- Still from the film
- Directed by: Robert Hartford-Davis
- Written by: Robert Shearer
- Produced by: Robert Hartford-Davis
- Starring: Ingrid Pitt Judy Huxtable John Ronane Tony Selby
- Edited by: Alan Pattillo
- Music by: Tony Osborne
- Production companies: World Arts Media Group, R.H.D., Daylight
- Release date: 5 November 1972;
- Running time: 87 minutes
- Country: United Kingdom
- Language: English

= Nobody Ordered Love =

1972 British film by Robert Hartford-Davis

Nobody Ordered Love is a lost 1972 British tragicomic drama film directed by Robert Hartford-Davis and starring Ingrid Pitt, Judy Huxtable, John Ronane, and Tony Selby. It was written by Robert Shearer.

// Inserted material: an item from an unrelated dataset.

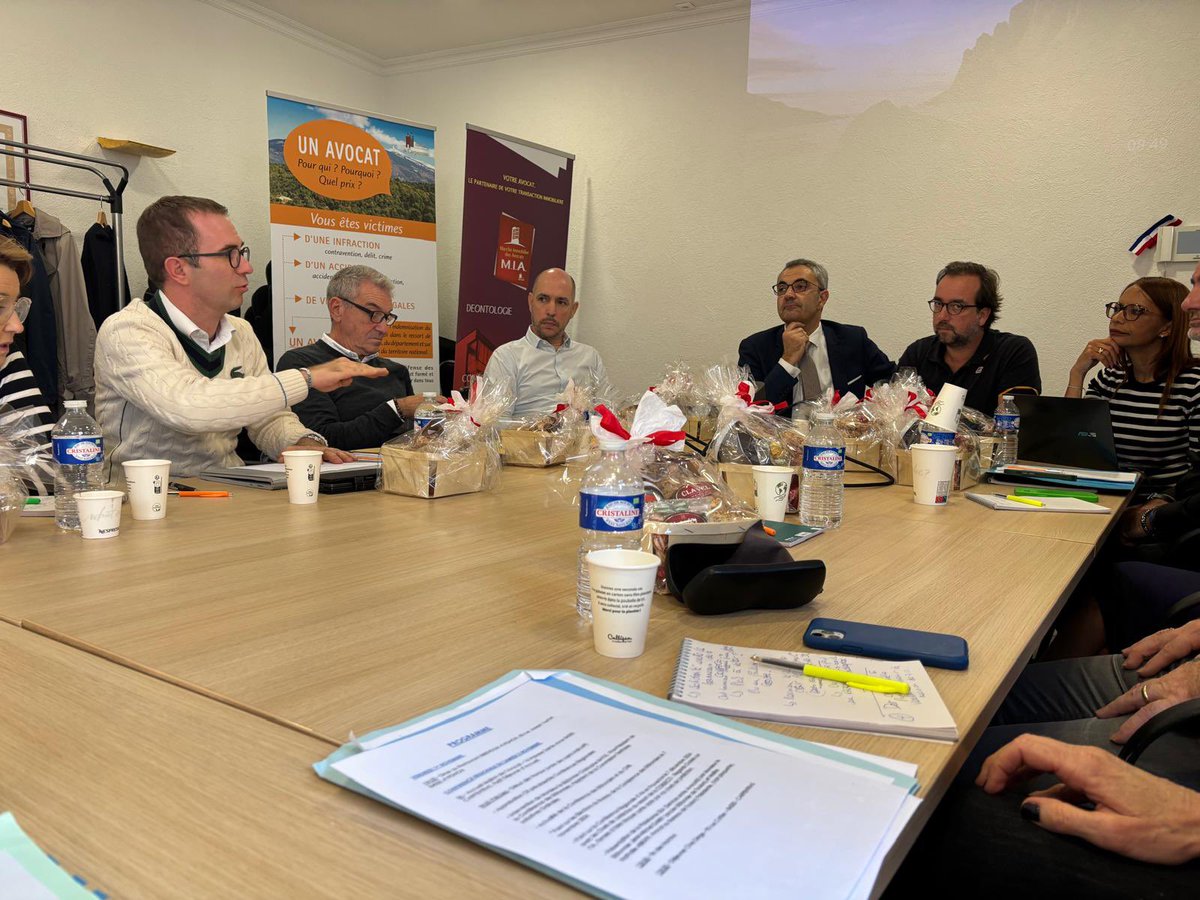 adrienverrier's tweet photo. Magnifiques travaux de la @cobseco où nous avons été particulièrement bien accueillis par les Barreaux d Avignon et de Carpentras. territorialité, initiative des Ordres. Les Bâtonniers œuvrent pour leurs avocats, leurs barreaux et les citoyens ! @Conf_Batonniers @CNBarreaux https://t.co/wKH6SsfZ06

The movie was the last lead in a feature for Ingrid Pitt.
==Plot==
After film director Paul Medbury attempts to replace Alice Allison, the alcoholic star of his new First World War movie entitled The Somme, with up-and-coming starlet Caroline Johnson, a series of tragic events begins to unfold.

==Cast==
- Ingrid Pitt as Alice Allison
- Judy Huxtable as Caroline Johnson
- John Ronane as Paul Medbury
- Tony Selby as Peter Triman
- Peter Arne as Leo Richardstone
- Mark Eden as Charles
- David Weston as Jacques Legrand
- John Glyn-Jones as Harry
- Janet Lynn as Valerie
- David Lodge as Sergeant
- Frank Jarvis as Corporal
- Barry Meteyard as Lieutenant
- Larry Taylor as camera operator
- Heather Barbour as Janet
- Tricia Barnes as continuity girl
- Charles Houston as assistant
- Carolyn Wilde as Virginia

==Preservation status==
According to the British Film Institute (BFI), which holds an annotated shooting script in its collection, Nobody Ordered Love is considered a lost film and is on its 75 Most Wanted list. Kevin Lyons of the BFI National Library Filmographic Unit writes:Rank released Nobody Ordered Love in 1972 and it certainly played the New Victoria in London, regular home to low-budget exploitation fare. Star Ingrid Pitt has suggested – in an interview with the Celluloid Slammer blog as well as in one of her on-going series of columns for the Den of Geek website that Hartford-Davis had a falling out with Rank over the lack of promotion they were giving the film and stormed off with the prints, decamping to the States, where he continued to work. After his death, Pitt claims, his widow arranged for his belongings to be disposed of and the cans of film were among those items thrown out.
Ingrid Pitt wrote "When I was first offered the job I was told it was the modern version of Shakespeare’s Romeo and Juliet."

== Reception ==
In The Monthly Film Bulletin David McGillivray wrote: "In attempting to point up the ruthless chicanery and corruption of the film industry (something Hollywood has proved an undisputed master at exposing), Nobody Ordered Love goes completely off the rails. What seals its fate is the total lack of contrast between film and film-within-film. The dialogue seems to be equally abysmal in both, it becomes impossible to detect which actors are supposed to be bad and which aren't, and whether it is Paul Medbury striving for realism or Robert Hartford-Davis parodying himself (in Corruption) as the shot of Ingrid Pitt's stomach being ripped open with a bayonet is repeated again and again. ... A few observations, no doubt culled from the writer or director's own experience, manage to be ludicrously accurate (the nude audition, the supporting player who considers himself God's gift to female extras) but the majority, bluntly over-stated, are simply ludicrous."